Однажды утром Джон Кон принес информацию о нашумевшей истории с «Роллинг Стоунз». Таинственная «голая девица» оказалась Марианной Фейтфул, а все ее действия сводились к тому, что она лежала, а из ее влагалища торчал шоколадный батончик «Марс». Молодые люди по очереди брали его и надкусывали. Фейтфул была одной из тех трех или четырех девушек, которых пробовали на роль Лили в «Волхве». Естественно, пошли мрачные шуточки: «Боже, ну и прославились бы мы при такой огласке…» или (каждый раз, когда увязали в сценарии) «ОК, начинаем с крупного плана батончика ‘Марс’»…
Знойные дни, и у меня обычная летняя апатия. Следовало бы испытывать чувство вины за то, что я так ленив и не пишу ничего нового. Недавно я отклонил предложения пяти журналов или отложил на неопределенное время, сославшись на несуществующие обстоятельства, — на самом же деле я слишком поглощен dolce farniente. Прошлогодняя лень, думаю, была частично связана с окончанием «Волхва» — длинного произведения, хотя причина не только в этом, а в ужасной усталости от публикации романа и отслеживания его дальнейшей судьбы. Вот что дается мне всего тяжелее. Публикация с каждым годом все меньше интересует меня. Увидеть свое произведение в печати мне хочется не больше, чем монаху играть в водевиле.

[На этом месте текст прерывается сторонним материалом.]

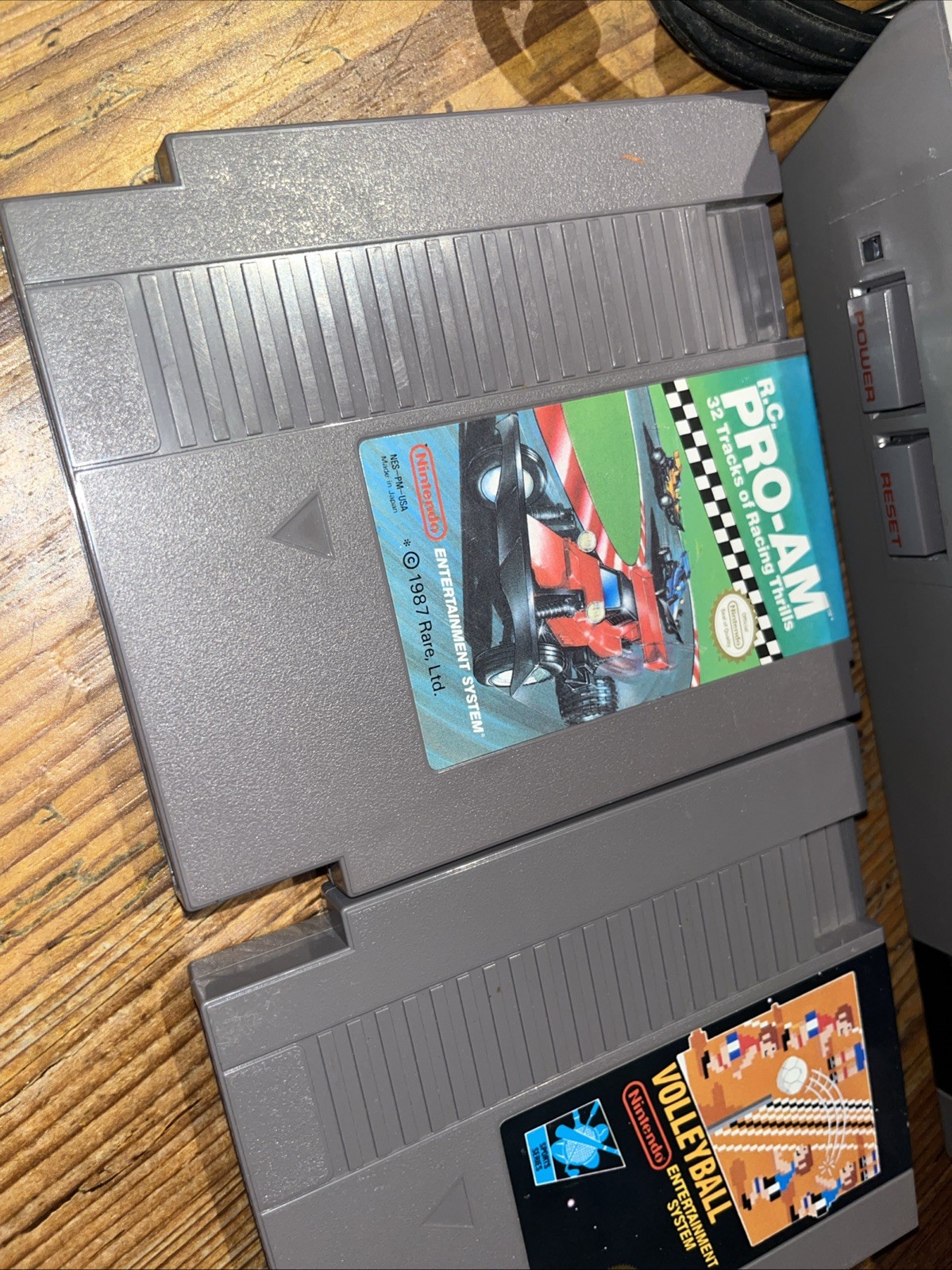 Nintendo NES System Bundle – Oem Power Cord + Authentic Games – Tested – VIDEO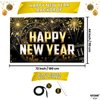 KatchOn, New Years Eve Party Supplies 2025 Set - Big, Pack of 25 | Black and Gold Happy New Year Banner, 2025 Balloon Numbers, New Year Foil Balloons | NYE Decorations 2025, New Years Decorations 2025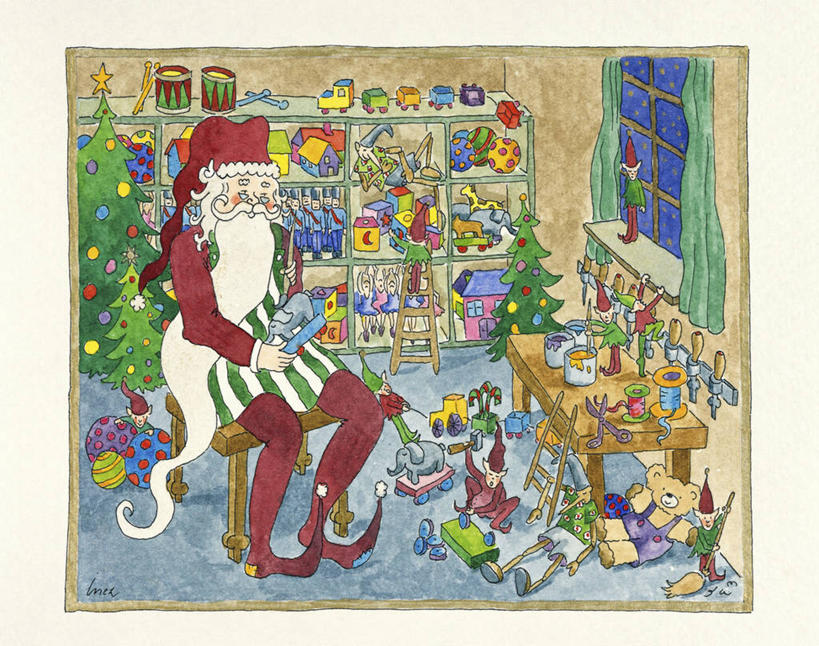 成年人,老年人,胡须,头发,一个人,坐,横图,插画,室内,绘画,车间,数码,科技,桌子,玩具,椅子,圣诞节,仅一个男性,仅一个人,许多,圣诞老人,准备,阴影,庆祝,艺术,网络,工具,剪刀,圣诞树,泰迪熊,很多,高光,几何,计算机图形,古典,合成,图画,拿着,文化,架子,画,白色,工艺品,品味,仅一个老年男性,职业,卡通,幻想,人体,颜料,美术,电脑合成图,数码合成图,高雅,合成图,小精灵,漫画,写实,具体,具象,美学,老年男性,男人,男性,胡子,络腮胡,小胡子,彩图,传统服装,装扮,传统文化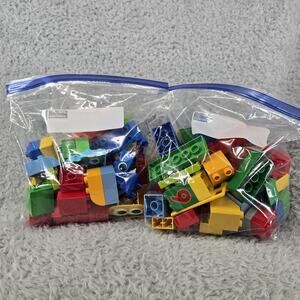 LEGO Duplo Bulk 2 Pound Lot 2 Bags Large Building Blocks Bricks Mixed Preschool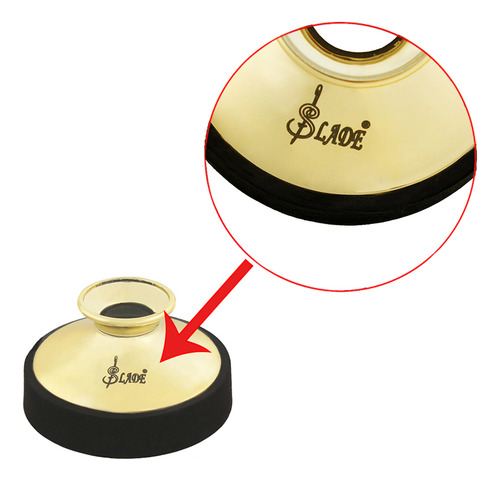 Saxofón Instrument Mute Slade Ligero Para Saxofón Alto
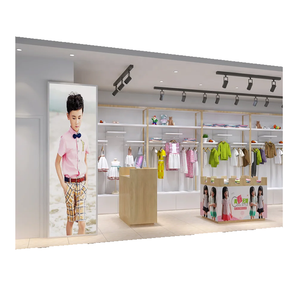 Estante de ropa para niños hermoso vendedor caliente muebles de tienda para tienda de ropa para niños escaparates Premium - Product Image 2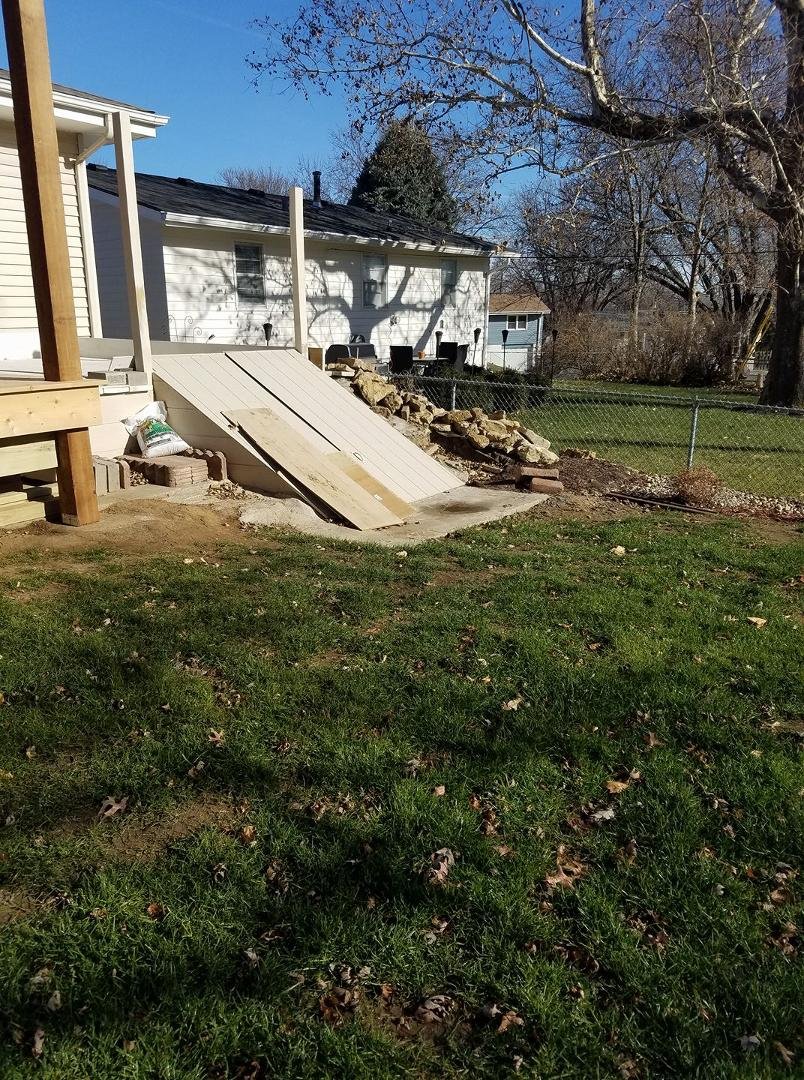 Neighbors back yard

В прошлом году такая апатия не доставляла мне удовольствия, а в этом — доставляет. Три недели в Лондоне заставили вспомнить, как редко мы наслаждаемся здесь покоем, вспомнились здешние птицы, цветы, просторы. Я с ними один на один. И хотя ничего не пишу — лишь эпизодически возвращаюсь к «Любовнице французского лейтенанта», ощущаю творческое горение. Я хочу сказать, что задуманных романов мне хватит, по меньшей мере, до пятидесяти лет, если к тому времени они еще будут меня устраивать: каждый день я все яснее вижу, что и как должен писать.
Анна опять с нами; за этот год она еще больше расцвела — маленькая, загорелая статуэтка Майоля — не только по формам, но и по тому теплу, которое излучает. Возможно, она простила нас.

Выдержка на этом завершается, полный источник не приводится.